Recorded data ->

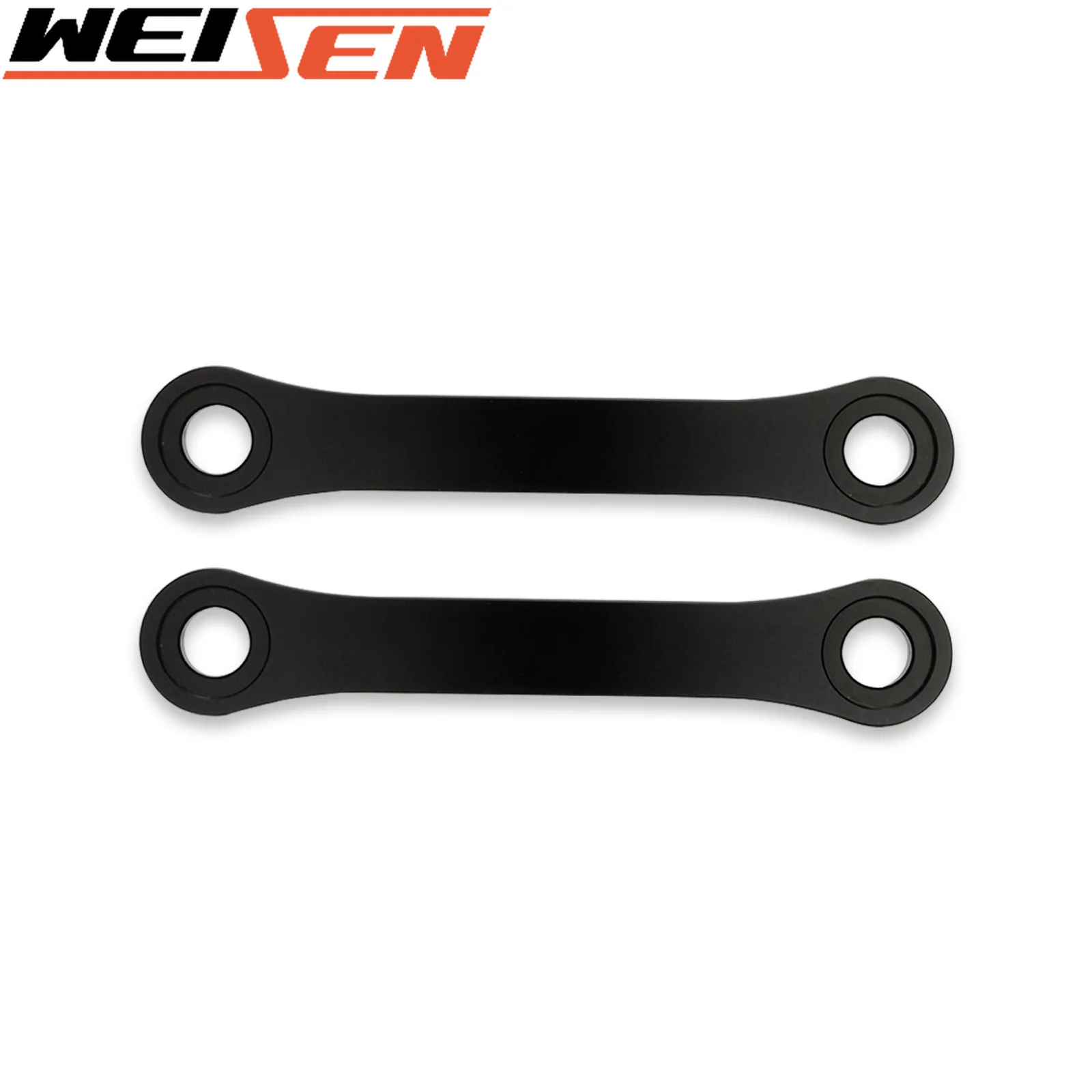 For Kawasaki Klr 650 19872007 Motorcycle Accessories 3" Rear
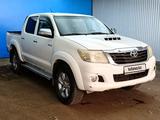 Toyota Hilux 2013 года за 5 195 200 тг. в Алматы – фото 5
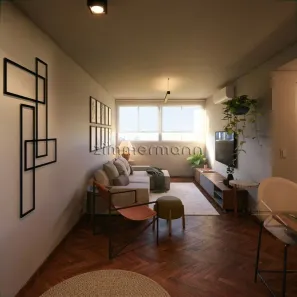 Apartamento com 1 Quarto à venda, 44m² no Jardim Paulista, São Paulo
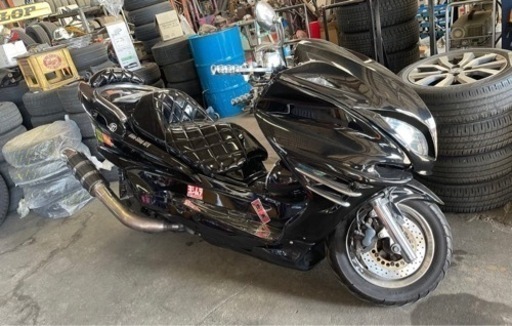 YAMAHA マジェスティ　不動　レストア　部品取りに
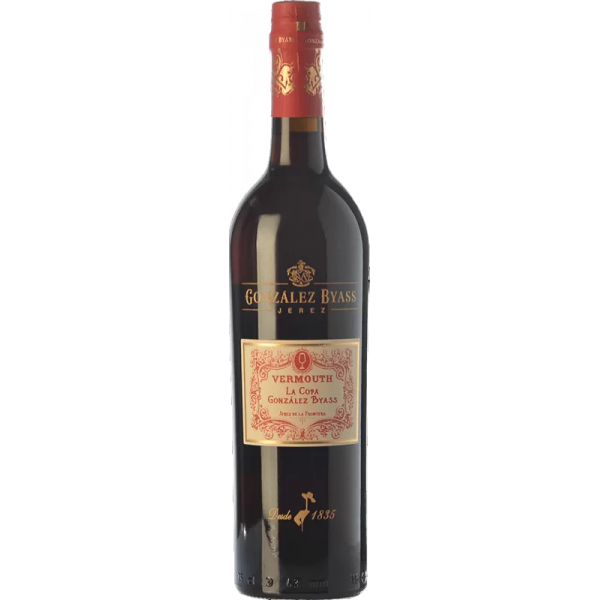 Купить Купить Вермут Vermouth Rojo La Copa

Task details -> Nothing but the pictures may be dropped; output the records above exactly.

Completed exercise ->
 For Kawasaki Klr 650 19872007 Motorcycle Accessories 3" Rear
 Toyota Hilux 2013 года за 5 195 200 тг. в Алматы – фото 5
 Apartamento com 1 Quarto à venda, 44m² no Jardim Paulista, São Paulo
 YAMAHA マジェスティ　不動　レストア　部品取りに
 Купить Купить Вермут Vermouth Rojo La Copa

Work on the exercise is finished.